Keystone is able to solve this challenge by using a captive to finance an insured’s large deductible obligations. This hybrid combination creates a stable, long-term cash flow solution that mirrors the fixed-cost benefits of a “guaranteed cost” plan. In addition, the captive routinely satisfies all of the justification requirements under Medicare and other third-party contracts. Net cost reductions are achieved through a tailored claims platform that provides greater control over losses thus improving performance under third-party contracts.

Example
Situation:

Regional Hospital looking to reduce insurance expenditures associated with their professional and general liability coverages while complying with both state level and calendar year cost reporting.

Problem:

Insured purchased guaranteed cost policies as the traditional large deductible approach did not efficiently meet both state and internal annual cost reporting.

Solution:

Keystone hybrid large deductible plan using a captive to finance deductible.

Results:
  • Long-term cost savings through claims management and access to underwriting profits within the captive.
  • Captive complied with cost reporting requirements and eliminated the inherent uncertainty of dealing with complicated, “down the road” adjustments under traditional loss sensitive arrangements.
Investors concerned by insurance liabilities?

A major concern investors have with workers compensation insurance can be the lack of transparency into long-term or “tail” obligations under loss sensitive programs. This objection often pushes management companies, who represent the interests of these investors, towards more expensive guaranteed cost solutions. By selecting this option, management companies are ceding control over claims management and premium development to the insurance company, which can often lead to frustrating escalation of insurance expenditures.

Keystone’s financial solutions will solve the “tail” objection.

Example
Situation:

Retirement Community Developer looking to share economics of their enterprise across a diverse investor group. Investors were concerned with “tail” exposure of loss sensitive arrangements.

Problem:

Expenses for commercial insurance were steadily climbing due to unfavorable losses and the resulting cost was eating into investor profits.

Solution:

Fixed cost premiums for individual properties were paid into a centralized captive solution that shifted and distributed the risk of individual “tail” exposures to the portfolio of insureds under management.

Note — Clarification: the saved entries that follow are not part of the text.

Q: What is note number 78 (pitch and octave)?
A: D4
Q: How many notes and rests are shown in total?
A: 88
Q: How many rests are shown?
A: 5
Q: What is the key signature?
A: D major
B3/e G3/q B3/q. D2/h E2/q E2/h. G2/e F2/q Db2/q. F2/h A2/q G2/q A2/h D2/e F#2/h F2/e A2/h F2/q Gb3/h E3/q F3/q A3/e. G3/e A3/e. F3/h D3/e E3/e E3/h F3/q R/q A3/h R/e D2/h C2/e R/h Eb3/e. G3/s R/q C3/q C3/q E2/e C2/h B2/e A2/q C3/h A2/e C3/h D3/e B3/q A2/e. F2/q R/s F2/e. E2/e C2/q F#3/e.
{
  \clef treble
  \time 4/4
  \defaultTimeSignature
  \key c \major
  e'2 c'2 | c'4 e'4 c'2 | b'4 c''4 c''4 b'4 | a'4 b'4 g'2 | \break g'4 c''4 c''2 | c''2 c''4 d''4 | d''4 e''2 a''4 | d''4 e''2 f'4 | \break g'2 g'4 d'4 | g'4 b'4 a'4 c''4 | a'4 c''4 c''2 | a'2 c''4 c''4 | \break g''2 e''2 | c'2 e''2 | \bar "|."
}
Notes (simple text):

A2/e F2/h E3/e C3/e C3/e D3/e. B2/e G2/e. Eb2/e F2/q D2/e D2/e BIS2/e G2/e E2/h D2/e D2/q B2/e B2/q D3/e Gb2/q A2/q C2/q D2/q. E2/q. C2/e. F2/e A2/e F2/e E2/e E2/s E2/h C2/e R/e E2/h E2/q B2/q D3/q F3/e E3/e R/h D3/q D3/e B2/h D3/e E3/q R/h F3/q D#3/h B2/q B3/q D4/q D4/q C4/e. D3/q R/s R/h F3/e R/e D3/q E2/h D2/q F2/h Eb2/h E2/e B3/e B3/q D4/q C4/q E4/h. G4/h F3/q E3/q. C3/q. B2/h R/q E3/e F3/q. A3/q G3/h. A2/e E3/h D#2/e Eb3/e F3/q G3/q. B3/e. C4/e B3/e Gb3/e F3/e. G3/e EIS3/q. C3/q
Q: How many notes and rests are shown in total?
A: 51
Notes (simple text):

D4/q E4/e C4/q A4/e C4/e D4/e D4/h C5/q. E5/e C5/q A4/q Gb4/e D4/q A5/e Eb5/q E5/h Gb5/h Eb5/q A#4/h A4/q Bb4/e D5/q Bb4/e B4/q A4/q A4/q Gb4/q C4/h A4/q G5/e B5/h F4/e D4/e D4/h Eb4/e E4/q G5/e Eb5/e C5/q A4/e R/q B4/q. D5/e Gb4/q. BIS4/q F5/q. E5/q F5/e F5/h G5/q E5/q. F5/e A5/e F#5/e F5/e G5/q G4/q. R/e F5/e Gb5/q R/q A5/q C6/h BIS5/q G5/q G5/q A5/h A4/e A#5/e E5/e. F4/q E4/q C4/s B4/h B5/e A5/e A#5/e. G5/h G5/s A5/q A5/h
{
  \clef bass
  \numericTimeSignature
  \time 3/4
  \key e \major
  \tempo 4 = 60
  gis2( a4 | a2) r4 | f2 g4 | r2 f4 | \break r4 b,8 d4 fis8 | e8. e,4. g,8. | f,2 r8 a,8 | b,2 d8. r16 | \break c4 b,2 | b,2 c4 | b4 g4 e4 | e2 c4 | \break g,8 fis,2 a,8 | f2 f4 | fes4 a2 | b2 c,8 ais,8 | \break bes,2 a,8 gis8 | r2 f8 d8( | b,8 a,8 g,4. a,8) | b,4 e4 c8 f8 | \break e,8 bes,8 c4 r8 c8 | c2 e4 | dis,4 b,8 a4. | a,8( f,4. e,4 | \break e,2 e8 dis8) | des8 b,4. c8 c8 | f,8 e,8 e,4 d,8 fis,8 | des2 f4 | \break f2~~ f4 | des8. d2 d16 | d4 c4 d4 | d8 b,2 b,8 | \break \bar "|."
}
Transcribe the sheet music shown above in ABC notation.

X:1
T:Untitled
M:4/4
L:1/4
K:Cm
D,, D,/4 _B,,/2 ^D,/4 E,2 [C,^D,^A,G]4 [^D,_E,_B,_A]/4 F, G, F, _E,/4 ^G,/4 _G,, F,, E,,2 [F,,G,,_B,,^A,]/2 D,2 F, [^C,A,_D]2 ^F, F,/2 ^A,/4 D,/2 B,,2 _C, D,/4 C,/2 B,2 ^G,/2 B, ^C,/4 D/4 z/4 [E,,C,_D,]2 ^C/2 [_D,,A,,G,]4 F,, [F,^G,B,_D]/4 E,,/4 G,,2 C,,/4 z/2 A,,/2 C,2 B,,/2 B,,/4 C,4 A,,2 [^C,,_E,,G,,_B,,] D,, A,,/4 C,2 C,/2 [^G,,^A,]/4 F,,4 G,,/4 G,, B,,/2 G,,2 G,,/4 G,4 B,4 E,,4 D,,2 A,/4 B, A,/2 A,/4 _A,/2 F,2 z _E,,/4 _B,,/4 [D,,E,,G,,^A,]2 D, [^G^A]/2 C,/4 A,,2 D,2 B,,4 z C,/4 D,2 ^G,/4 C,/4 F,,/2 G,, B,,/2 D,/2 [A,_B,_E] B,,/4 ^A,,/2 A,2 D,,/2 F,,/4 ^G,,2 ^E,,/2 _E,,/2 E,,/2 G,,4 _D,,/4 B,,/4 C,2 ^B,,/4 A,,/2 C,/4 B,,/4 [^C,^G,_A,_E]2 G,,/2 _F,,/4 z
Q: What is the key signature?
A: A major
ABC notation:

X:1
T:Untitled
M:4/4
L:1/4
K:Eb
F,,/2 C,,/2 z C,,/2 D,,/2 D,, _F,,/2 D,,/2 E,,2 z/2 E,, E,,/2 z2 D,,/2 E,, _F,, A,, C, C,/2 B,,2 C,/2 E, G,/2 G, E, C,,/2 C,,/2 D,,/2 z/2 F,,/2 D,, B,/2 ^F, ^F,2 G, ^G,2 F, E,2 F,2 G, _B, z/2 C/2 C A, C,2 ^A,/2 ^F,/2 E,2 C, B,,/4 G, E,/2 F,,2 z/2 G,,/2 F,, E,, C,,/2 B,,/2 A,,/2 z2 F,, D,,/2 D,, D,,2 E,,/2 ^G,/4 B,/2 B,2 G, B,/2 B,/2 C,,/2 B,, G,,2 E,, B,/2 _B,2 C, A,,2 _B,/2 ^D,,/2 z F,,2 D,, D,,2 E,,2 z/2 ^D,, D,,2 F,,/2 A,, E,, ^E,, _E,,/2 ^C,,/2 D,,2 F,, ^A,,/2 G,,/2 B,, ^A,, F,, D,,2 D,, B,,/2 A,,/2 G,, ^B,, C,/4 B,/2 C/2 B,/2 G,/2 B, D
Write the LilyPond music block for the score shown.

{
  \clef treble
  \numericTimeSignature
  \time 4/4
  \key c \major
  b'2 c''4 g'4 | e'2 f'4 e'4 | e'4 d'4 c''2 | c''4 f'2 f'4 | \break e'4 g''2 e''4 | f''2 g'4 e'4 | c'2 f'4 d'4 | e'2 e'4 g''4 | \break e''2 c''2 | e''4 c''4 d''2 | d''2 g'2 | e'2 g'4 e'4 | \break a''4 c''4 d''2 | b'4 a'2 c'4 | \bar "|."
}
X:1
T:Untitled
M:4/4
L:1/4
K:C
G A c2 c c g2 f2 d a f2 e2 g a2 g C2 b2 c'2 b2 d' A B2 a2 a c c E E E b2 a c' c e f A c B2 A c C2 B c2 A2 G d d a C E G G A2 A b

Execution of a tailored risk mitigation/claims handling platform provided greater control over claims.

Results:
  • Insured assumed and aggressively managed frequent, predictable risk to generate underwriting profit in the captive through significant claims cost reduction.
  • Unforeseen volatility of individual property loss experience is muted by the larger portfolio of insureds which absorbs any adverse “tail” experience.
  • Structured the beneficial ownership of the captive to create a preferred return of captive underwriting profits as a way to incentivize risk management and enhance investor value.